The recent work of Schang et al. (1997) highlights the importance of diet density and diet type on the response toVegpro. Schang et al. (1997) conducted a 2 x 2 x 2 factorial experiment with the respective factors being nutrient density [100% (High) or 90% (Low) of energy and available amino acid requirements], diet type (corn/soy or corn/soy/full-fat soy/wheat bran), and enzyme addition (Vegpro) (Figure 4). Each treatment consisted of five replicates with 10 birds per replicate.
In this trial, 1-day-old Arbor Acres broiler males were placed in battery pens and fed with starter (1 to 21 days), finisher (22 to 42 days), and market (43 to 53 days) diets. The enzyme Vegpro was added at 300 and 200 g/tonne for the starter and finisher/market periods, respectively. Birds fed low nutrient density diets had a lower body weight gain (2.59 vs. 2.86 kg, P < 0.05) and a higher feed conversion ratio (2.24 vs. 2.04, P < 0.05) than birds fed the high nutrient density diet. The addition of enzyme to birds fed the high nutrient density diet had no effect at slaughter (P > 0.05), suggesting that the benefits of using enzymes may be limited when added to diets formulated to exceed animal nutrient requirements.
Schang et al. (1997) reported that the response to Vegpro depended on nutrient density and also varied according to diet type, such that the addition of Vegpro to low density diets containing corn/soy/full-fat soy/wheat bran resulted in significant improvements in body weight gain (4.7%) and feed conversion (1.5%). No effect was observed whenVegpro was added to the low density diet containing only corn/soy. Interestingly, birds fed diets containing Vegpro had a larger abdominal pad indicative of increased energy availability.
Figure 4.Diagrammatical representation of the experimental design used by Schang et al., 1997.
Table 5. Effect of Vegpro on TMEn and true amino acid digestibilities of soy for 3-week-old chicks and adult cockerels (after Bernard and McNab, 1997).

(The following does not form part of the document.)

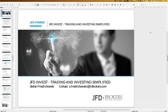Welcome everybody to our next webinar about JFD Invest — trading and investing simplified. My name is Stefan Friedrichowski, as always for the English part of JFD Invest. I'm glad to have so many people here and interested in JFD Invest. Welcome in the name of JFD Bank as a new name as well.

But how may energy and amino acid utilization be enhanced simultaneously? Walsh et al. (1997) conducted a study in vitro using cellulase and protease preparations (Alltech Inc), and in which the amount of glucose and the amount of a-amino nitrogen released from samples of whole rapeseed were examined using each enzyme singly or in combination. Treatment of whole rapeseed with cellulase caused a release of reducing sugars (measured as glucose), whereas the use of protease did not promote a significant release of glucose. However, a synergistic positive effect on glucose release was observed when cellulase and protease were added to the substrate together (Table 6).
Table 6. Treatment of whole rapeseed with cellulase, protease, and cellulase + protease, and its effect on the release of reducing sugars (expressed as glucose equivalent) and amino acids/peptides (expressed as a-amino N) (after Walsh et al. 1997). Values are mean (SEM).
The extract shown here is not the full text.